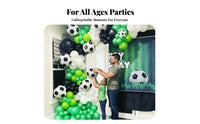 Global Soccer Tournament Inspired Soccer Theme Balloon Set Easy to Assemble Football Theme Balloon Set Versatile Decor for Children, Adults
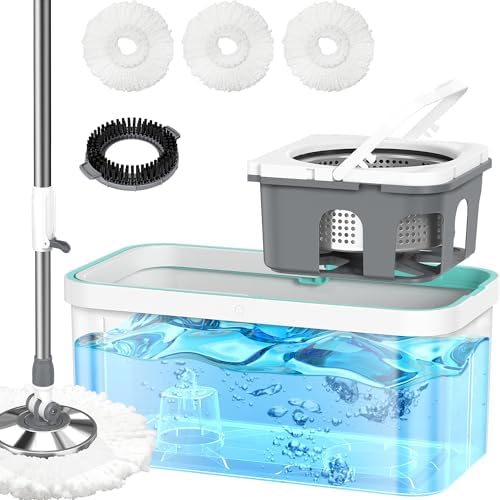 Aifacay Spin Mop Bucket Set with Wringer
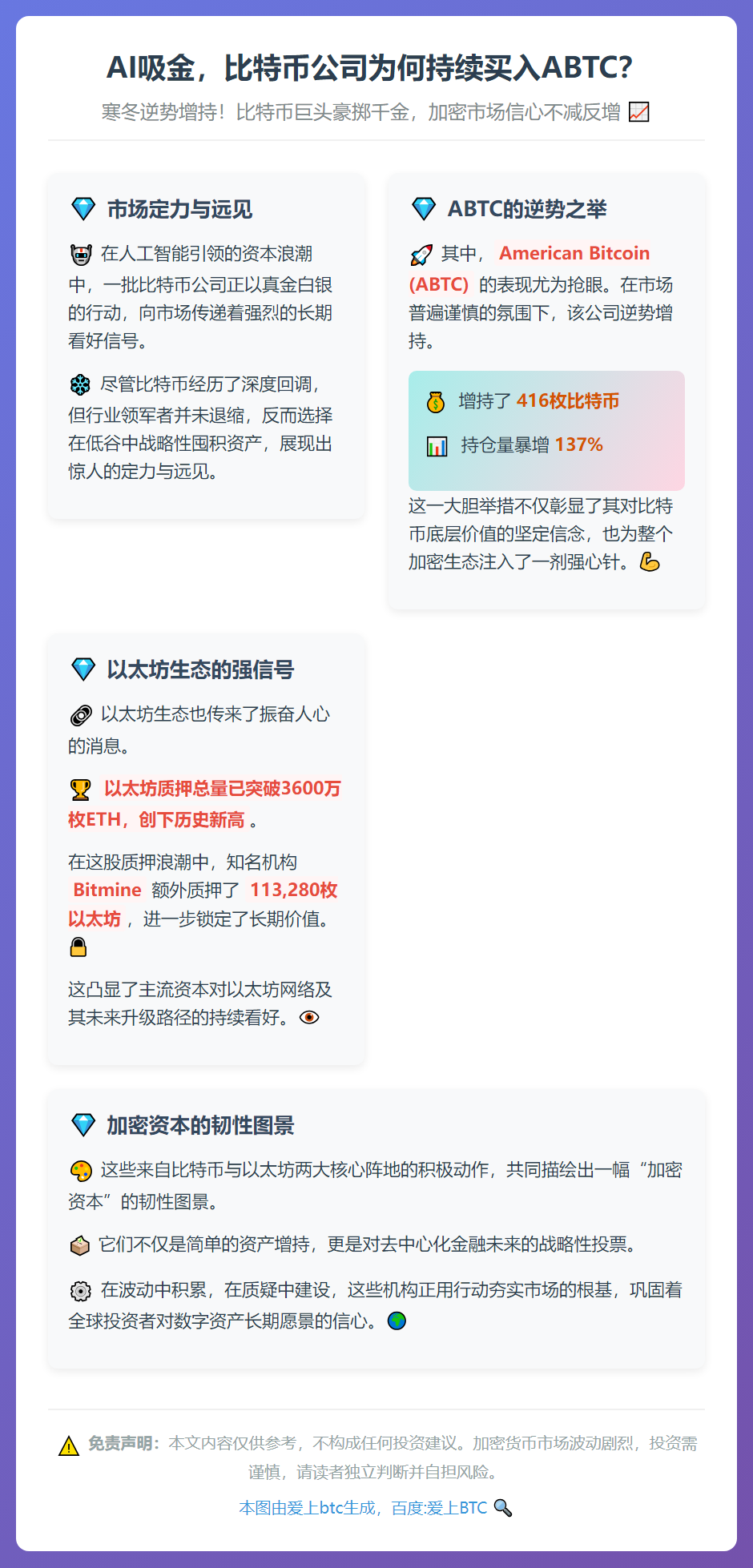AI吸金，比特币公司为何持续买入ABTC？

Requirement
Please print the entire listing again exactly, minus its images.

Your response
 Global Soccer Tournament Inspired Soccer Theme Balloon Set Easy to Assemble Football Theme Balloon Set Versatile Decor for Children, Adults
 Aifacay Spin Mop Bucket Set with Wringer
AI吸金，比特币公司为何持续买入ABTC？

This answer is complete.